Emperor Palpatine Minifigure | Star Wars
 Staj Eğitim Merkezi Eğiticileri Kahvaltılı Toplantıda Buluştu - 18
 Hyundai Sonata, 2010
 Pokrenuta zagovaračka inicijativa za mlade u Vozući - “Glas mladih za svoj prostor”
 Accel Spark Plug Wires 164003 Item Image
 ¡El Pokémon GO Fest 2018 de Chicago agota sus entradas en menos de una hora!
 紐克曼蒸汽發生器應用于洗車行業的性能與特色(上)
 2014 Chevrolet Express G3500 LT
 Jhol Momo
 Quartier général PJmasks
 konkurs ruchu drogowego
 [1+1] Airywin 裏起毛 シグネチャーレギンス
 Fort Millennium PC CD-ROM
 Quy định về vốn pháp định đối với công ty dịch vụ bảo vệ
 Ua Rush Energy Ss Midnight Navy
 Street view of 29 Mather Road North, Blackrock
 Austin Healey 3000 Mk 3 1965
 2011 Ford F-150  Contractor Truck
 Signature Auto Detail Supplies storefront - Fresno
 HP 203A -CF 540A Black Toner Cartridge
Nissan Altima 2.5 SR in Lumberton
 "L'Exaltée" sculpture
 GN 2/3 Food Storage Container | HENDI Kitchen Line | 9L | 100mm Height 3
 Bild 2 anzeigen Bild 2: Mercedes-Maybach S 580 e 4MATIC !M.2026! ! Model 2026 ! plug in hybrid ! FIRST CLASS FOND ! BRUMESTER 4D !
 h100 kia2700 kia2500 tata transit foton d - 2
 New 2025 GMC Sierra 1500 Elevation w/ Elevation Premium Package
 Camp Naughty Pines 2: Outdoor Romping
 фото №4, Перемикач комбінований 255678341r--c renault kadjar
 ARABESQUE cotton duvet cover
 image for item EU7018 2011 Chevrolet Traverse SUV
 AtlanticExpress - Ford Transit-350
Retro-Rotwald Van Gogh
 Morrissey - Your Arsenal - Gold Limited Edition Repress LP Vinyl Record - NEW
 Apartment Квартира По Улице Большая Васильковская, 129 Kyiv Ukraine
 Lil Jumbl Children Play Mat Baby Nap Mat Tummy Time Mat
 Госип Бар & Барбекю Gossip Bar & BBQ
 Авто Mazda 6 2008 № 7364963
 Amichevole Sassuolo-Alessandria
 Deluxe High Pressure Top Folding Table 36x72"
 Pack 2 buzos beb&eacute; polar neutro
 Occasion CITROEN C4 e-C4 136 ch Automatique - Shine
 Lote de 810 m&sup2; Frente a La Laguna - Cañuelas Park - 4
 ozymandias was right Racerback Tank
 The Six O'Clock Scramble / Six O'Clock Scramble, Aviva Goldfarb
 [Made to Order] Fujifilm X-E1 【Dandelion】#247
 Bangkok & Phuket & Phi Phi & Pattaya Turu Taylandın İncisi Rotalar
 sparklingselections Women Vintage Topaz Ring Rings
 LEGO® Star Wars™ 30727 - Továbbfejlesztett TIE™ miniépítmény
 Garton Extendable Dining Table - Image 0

TASK GOAL:
The lines from the one containing "Retro-Rotwald Van Gogh" through the end of the data are to be copied exactly, the first and last of them included.

EXPECTED OUTPUT:
Retro-Rotwald Van Gogh
 Morrissey - Your Arsenal - Gold Limited Edition Repress LP Vinyl Record - NEW
 Apartment Квартира По Улице Большая Васильковская, 129 Kyiv Ukraine
 Lil Jumbl Children Play Mat Baby Nap Mat Tummy Time Mat
 Госип Бар & Барбекю Gossip Bar & BBQ
 Авто Mazda 6 2008 № 7364963
 Amichevole Sassuolo-Alessandria
 Deluxe High Pressure Top Folding Table 36x72"
 Pack 2 buzos beb&eacute; polar neutro
 Occasion CITROEN C4 e-C4 136 ch Automatique - Shine
 Lote de 810 m&sup2; Frente a La Laguna - Cañuelas Park - 4
 ozymandias was right Racerback Tank
 The Six O'Clock Scramble / Six O'Clock Scramble, Aviva Goldfarb
 [Made to Order] Fujifilm X-E1 【Dandelion】#247
 Bangkok & Phuket & Phi Phi & Pattaya Turu Taylandın İncisi Rotalar
 sparklingselections Women Vintage Topaz Ring Rings
 LEGO® Star Wars™ 30727 - Továbbfejlesztett TIE™ miniépítmény
 Garton Extendable Dining Table - Image 0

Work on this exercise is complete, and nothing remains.